Early prediction on KZoo 18s seedings....

1. Ryan Harrison
2. Alex Domijan
3. Rhyne Williams
4. Devin Britton
5. Bradley Klahn
6. Denis Kudla
7. Tennys Sandgren
8. Evan King
9. Jordan Cox
10. Chase Buchanan
11. Harry Fowler
12. Mitchell Frank
13. Jarmere Jenkins
14. Junior Ore
15. Bo Seal
16. Bob Van Overbeek
17. JT Sundling
18. Dennis Novikov
19. Raymond Sarmiento
20. Matt Kandath
21. Ryan Lipman
22. Alex Llompart
23. Sean Berman
24. Jack Sock
25. Frank Saba
26. Connor Smith
27. Ian Chadwell
28. Lawrence Formentera
29. Zach Leslie
30. Dennis Lin
31. Sekou Bangoura
32. Walker Kehrer

This would leave the following dangerous floaters...

Ryan Noble
Marc Powers
Mousheg Hovhannisyan
Christian Harrison (assuming he plays 18s)
Kyle McMorrow
John Huang
Daniel Kosakowski
Clay Thompson

Klahn and Buchanan and Jenkins are the three who don't really fit well into the ATP, ITF, USTA tiered approach to seeding here. Should be interesting. Didn't realize the tourney was late this year so I may not be able to make it. That would be a bummer.

Colette Lewis said...

@Brent:
Klahn, Llompart and McMorrow aren't age-eligible this year, and I don't think Britton is going to play, but glad you're thinking about this.

Austin said...

has Rhyne Williams done anything this year?

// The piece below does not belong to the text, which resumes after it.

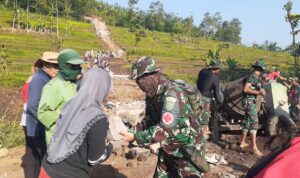 Personil Kesehatan Satgas TMMD Ke-120 Kodim 0611/Garut Turun ke Lokasi Personil Kesehatan Satgas TMMD Ke-120 Kodim 0611/Garut Turun ke Lokasi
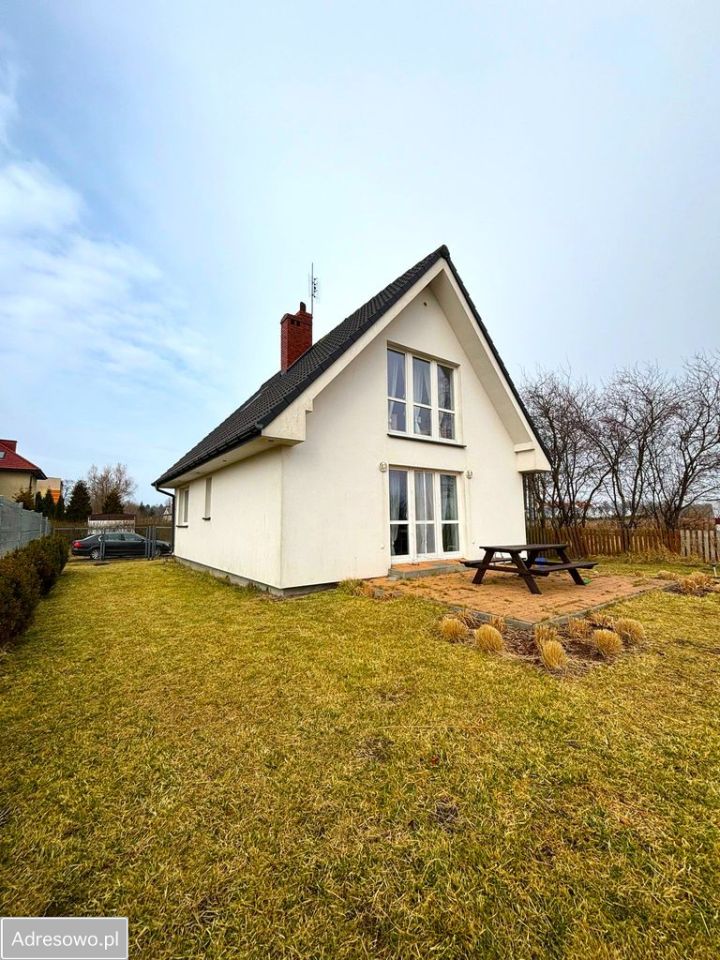 dom wolnostojący, 4 pokoje Mielno, ul. Spokojna. Zdjęcie 1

No, Britton isnt playing, he said as much last week when he told McCrea Wimby was his last junior tournament.

KZOO Mania Has Begun said...

Here is my prediction of Top 16.
Please note--with Devin Britton winning NCAA's, I did not include him in the seedings.

1) Harrison (Highest ATP)
2) Domijan (2nd Highest ATP)
3) Buchanan(ATP 1010, 5th Kzoo'08)
4) Klahn (Quarters Kzoo'08)Pac10 W
5) Williams (Quarters Kzoo'08)
6) Jenkins (6th Kzoo'08)
7) Lipman (7th KZoo'08)High ITF'08
8) Kudla (Next highest ITF)
9) Sandgren (Next highest ITF)
10) King (Next highest ITF)
11) Cox (Next highest ITF)
12) Fowler (Next highest ITF)
13) Frank (Next highest ITF)
14) Ore (Next highest ITF)
15) Seal (Next highest ITF)
16) VanOverbeek (Next highest ITF)

Key Notables out are:

JT Sundling
Matthew Kandath
Raymond Sarmiento
Jack Sock
Amongst many others....

Going to be a deep KZOO

Brent said...

Colette, what are the rules on age eligible? Is it by month? Don't know why I thought it was just based on the tournament being scheduled to be completed before the 19th birthday. With Klahn's birthday on 8/20, thought he would then be eligible. Thanks for straightening me out.

10is said...

jack sock is going to play the boys 16s at kzoo.

Colette Lewis said...

@Brent
It is the month that you turn 19 that determines eligibility for USTA competition held in that month.

Brent said...

Doesn't seem like as long a list of folks as usual who could legitimately either play 16s or 18s. Kudla, Frank, etc. are obviously playing 18s because of past success. Sounds like Sock is playing 16s according to the poster above. Berman I'm sure will play 18s. That seems to leave Novikov and Christian Harrison as the big ones who could go either way. Anybody else I'm forgetting about?

Colette Lewis said...

@Brent--
Junior Ore, but I'm pretty sure he's playing 18s.

BTW, just noticed that Daniel Nguyen is still eligible this year.